_YOUR INSTRUCTIONS_
Leave out every picture, and output exactly the lines from the line containing "-宴小馆·小海鲜青岛菜(五四广场店)" through the last line of the data.

-- SUPPLIED MATERIAL follows --

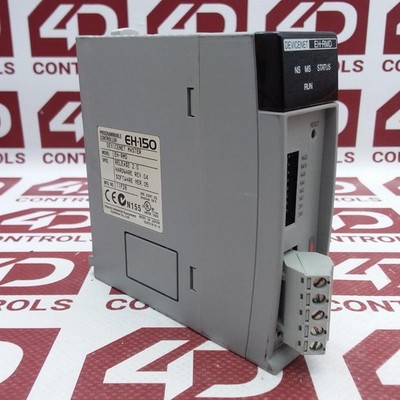 EH-RMD | Hitachi | Communication Module, Devicenet Module, Used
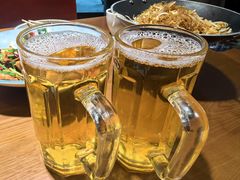 -宴小馆·小海鲜青岛菜(五四广场店)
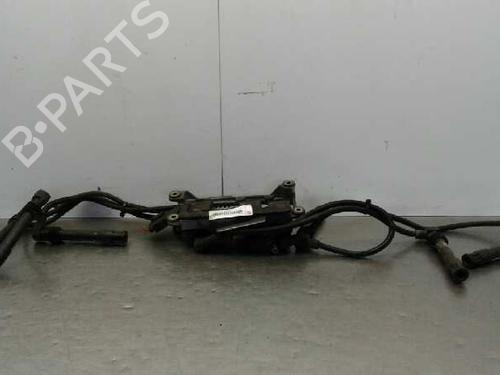 Used Ignition coil AUDI A6 C5 (4B2) [1997-2005]  8107072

-- SUPPLIED MATERIAL concluded --

_ANSWER FOR THE TASK_
 -宴小馆·小海鲜青岛菜(五四广场店)
 Used Ignition coil AUDI A6 C5 (4B2) [1997-2005]  8107072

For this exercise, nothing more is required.